As Warren et al. (2009) point out, adults of a few American Celaenorrhinus spp. are crepuscular and/or nocturnal, and roost diurnally in caves (e.g. Bailey 1880; DeVries et al. 1987) or under culverts, but most Celaenorrhinini are active during the day ( Larsen 2005), and crepuscular behaviour has not been reported for African Celaenorrhinus spp. , although there are observations of roosting by day for Sarangesa spp. (below).

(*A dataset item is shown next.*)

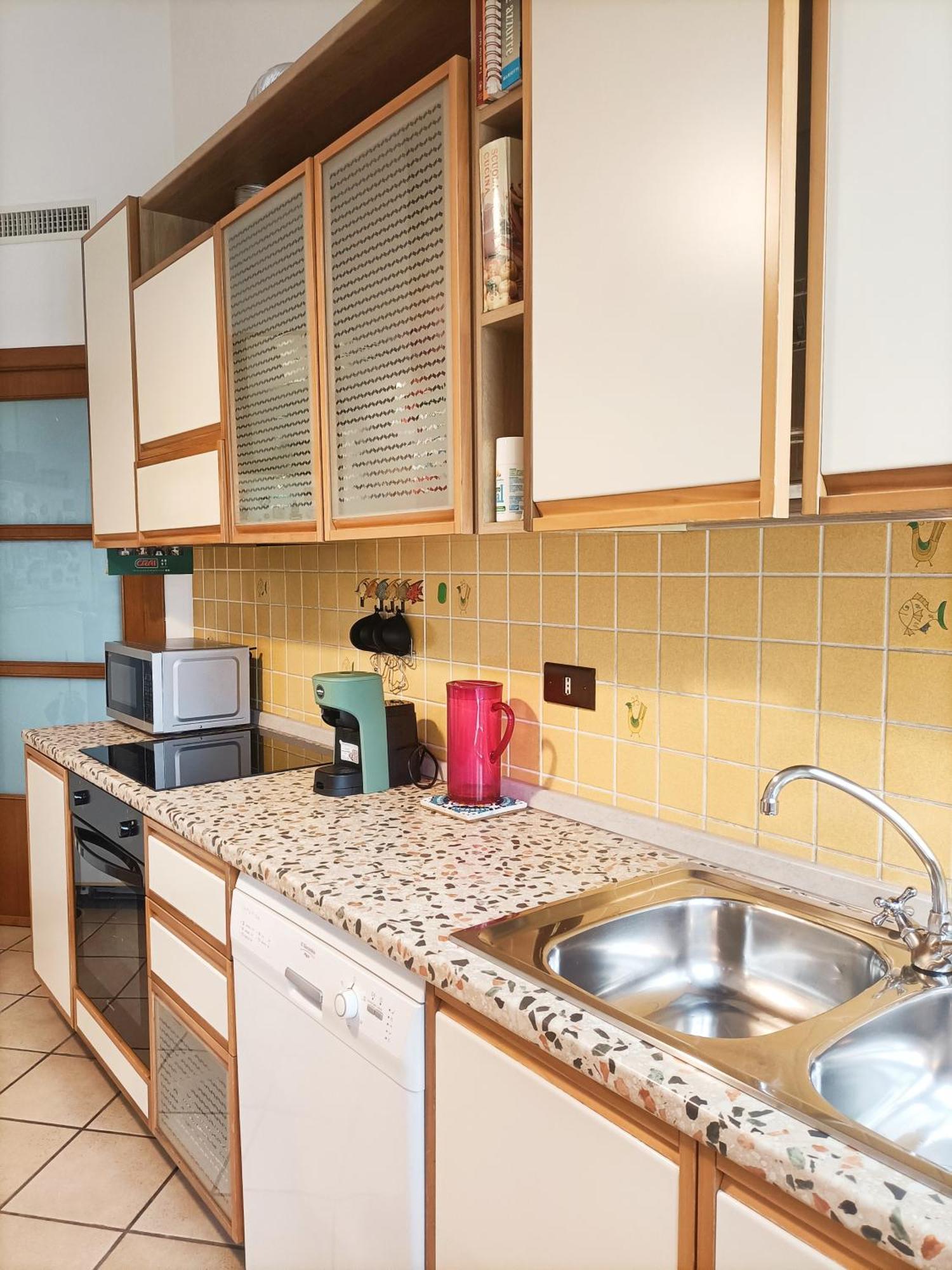 Bright Port View Apartment- Free Parking 칼리아리 외부 사진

All Neotropical food plant records ( Beccaloni et al. 2008), including my own in Trinidad (Cock & Alston- Smith 1990), are from Acanthaceae , apart from one record of C. stola Evans from Rhynchosia longeracemosa (= Dolicholus longeracemosa ) ( Fabaceae ) in Mexico ( Kendall & McGuire 1975). The caterpillars of the two Trinidad species, C. eligius eligius and C. bifurcus Bell are similar to those of C. proxima (Mabille) and related species, treated below (M.J.W. Cock unpublished). The Asian species of Celaenorrhinus have a more varied range of food
Adults always rest with their wings held flat, and when not feeding usually rest underneath leaves, effectively, and confusingly appearing to disappear when they settle. They feed readily at flowers, when they are easily caught. I have not observed them to feed at water, urine or faeces, but Larsen (1991) records an observation of C. bettoni Butler feeding at faeces, and Kielland (1990) observed C. uluguru Kielland attracted to mud on the road.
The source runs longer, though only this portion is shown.